Reducing further the ceiling to 10 percent would “give space for at least 10 players and to clearly define the word ‘grid’ to pertain to Luzon, Visayas or Mindanao grid”.
“Otherwise we should spell it G-R-E-E-D not G-R-I-D,” Bioco said.
“For example a group may reach the 25 percent ownership of the total in the whole country if the one-grid plan will push through. But if these are all located in Mindanao, so that would mean they would control electricity for the whole island,” said Bioco.
The other chambers, like the Oro Chamber of Commerce and Region 10, or Northern Mindanao, also wanted modification in the second sentence of the second paragraph of Chapter IV, SEC. 45, (c) which states that “(t)he ERC shall have the authority to modify or amend this definition of a grid when two or more of the three separate grids become sufficiently interconnected to constitute a single grid or as conditions may otherwise permit.”

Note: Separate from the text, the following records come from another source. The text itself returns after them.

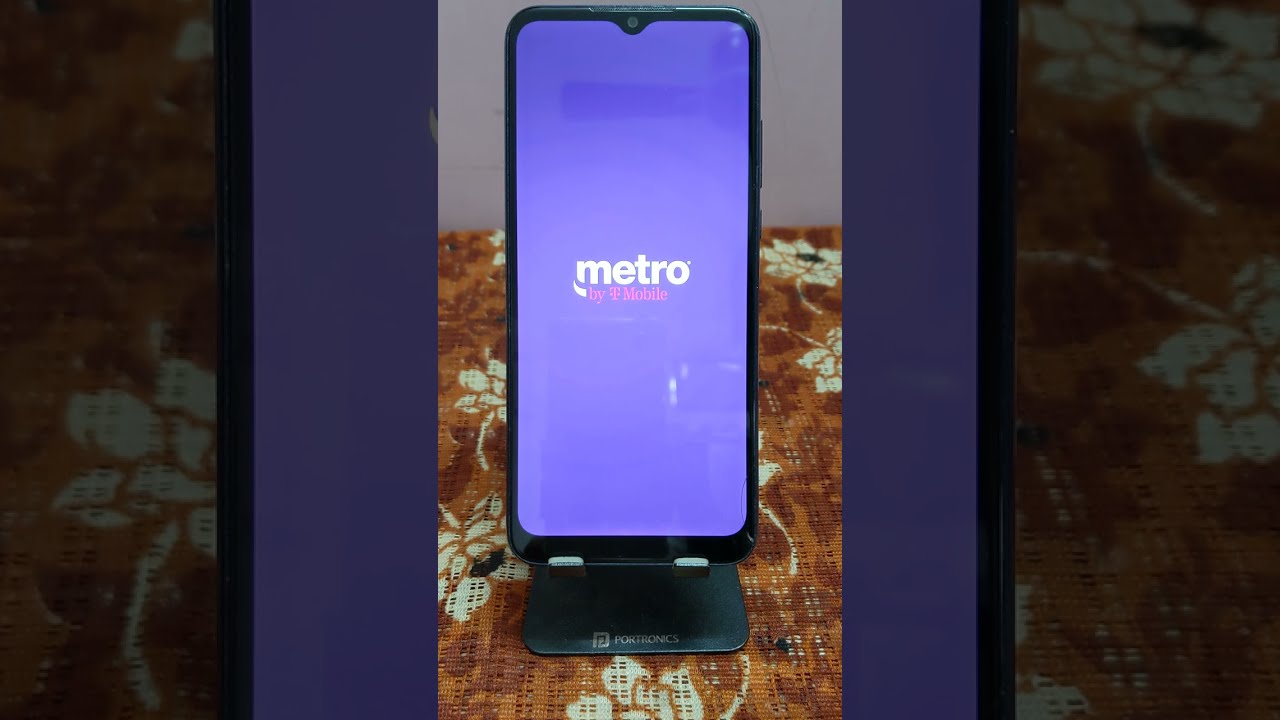 Motorola XT2052-6 Hard Reset Moto E 2020 & FRP Bypass 2023 Android 10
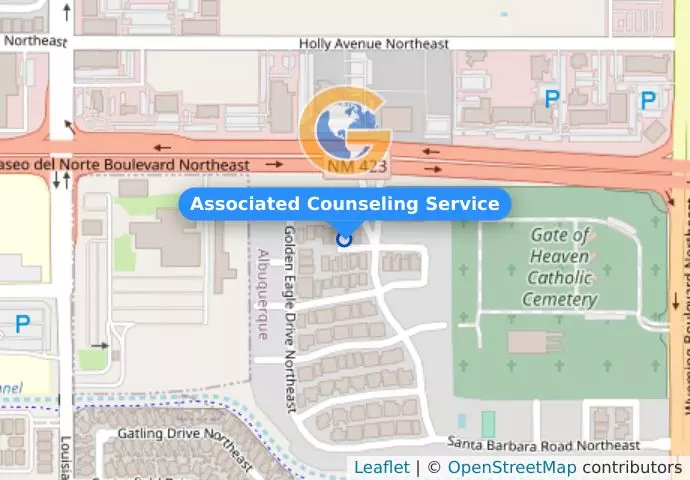 Associated Counseling Service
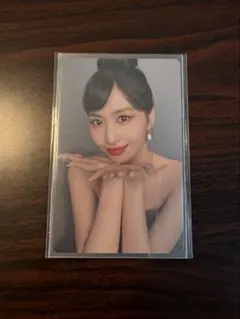 TWICE モモ Harehare ドアップ トレカ - メルカリ
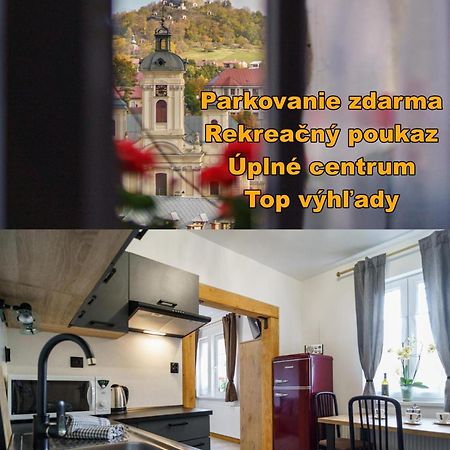Atelier Central Banska Stiavnica Exterior foto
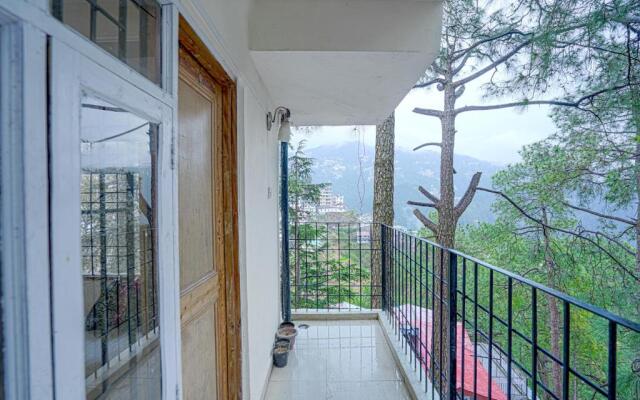 Shimla Woods 2BHK by Dumnu Homes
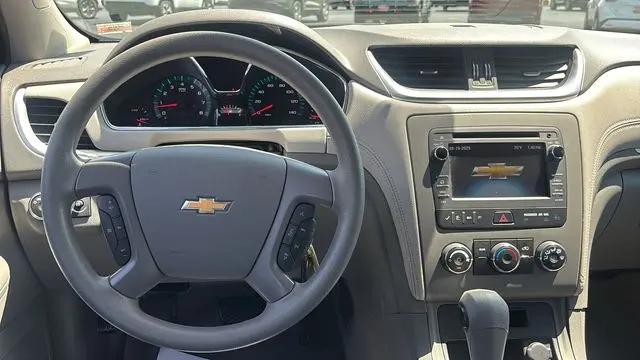 2014 Chevrolet Traverse LS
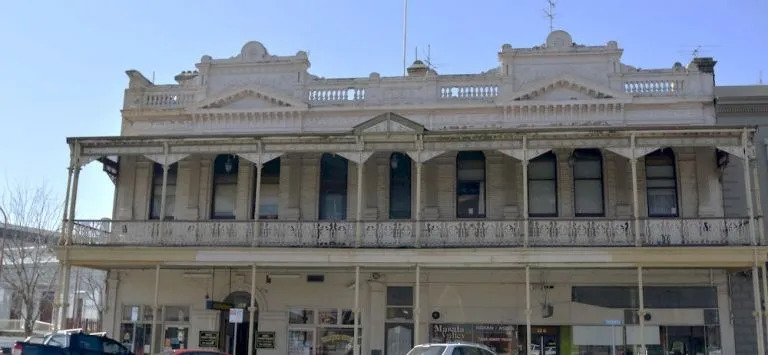 Reid's Guest House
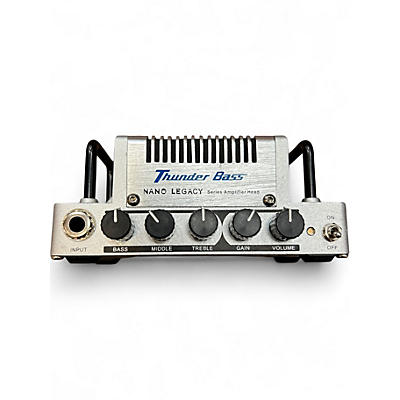 Used Hotone Effects THUNDER BASS Bass Amp Head
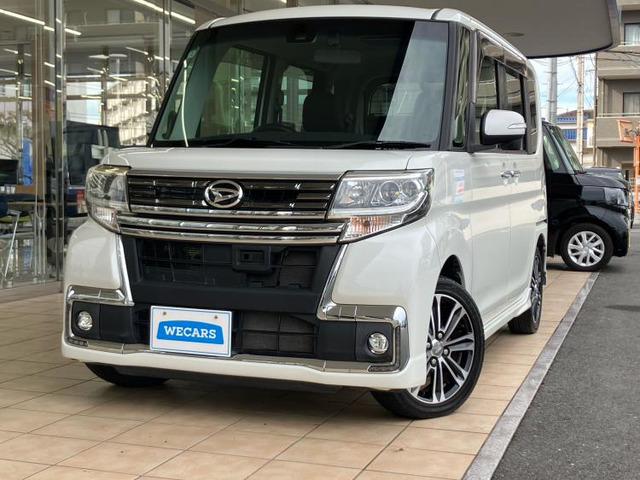 タントカスタムRS トップエディション SAII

“What I said about the section where ownership of grid is discussed or in Chapter IV, SEC. 45, (a), is that there is a provision in (c) of the same section which states that when two or more grid are connected, they will be as one grid,” Bioco said.
“This must be removed. The intention of the law is that there should be no cross-ownership, if there is, only up to a reasonable level only,” he said.
Bioco said that “(c)” was just “inserted” just as many other provisions were, and would include another controversial item, labeled as Sec 45, (b) of the same chapter, that he believed, would be interpreted as “distribution utilities are allowed to own up to 50 percent of their source of power from affiliated firms.”
“That is conflict of interest. That 50 percent is very significant. The most reasonable level is 10 percent only. If you buy from your own you can come-up with a very high rate which we do not want,” he said.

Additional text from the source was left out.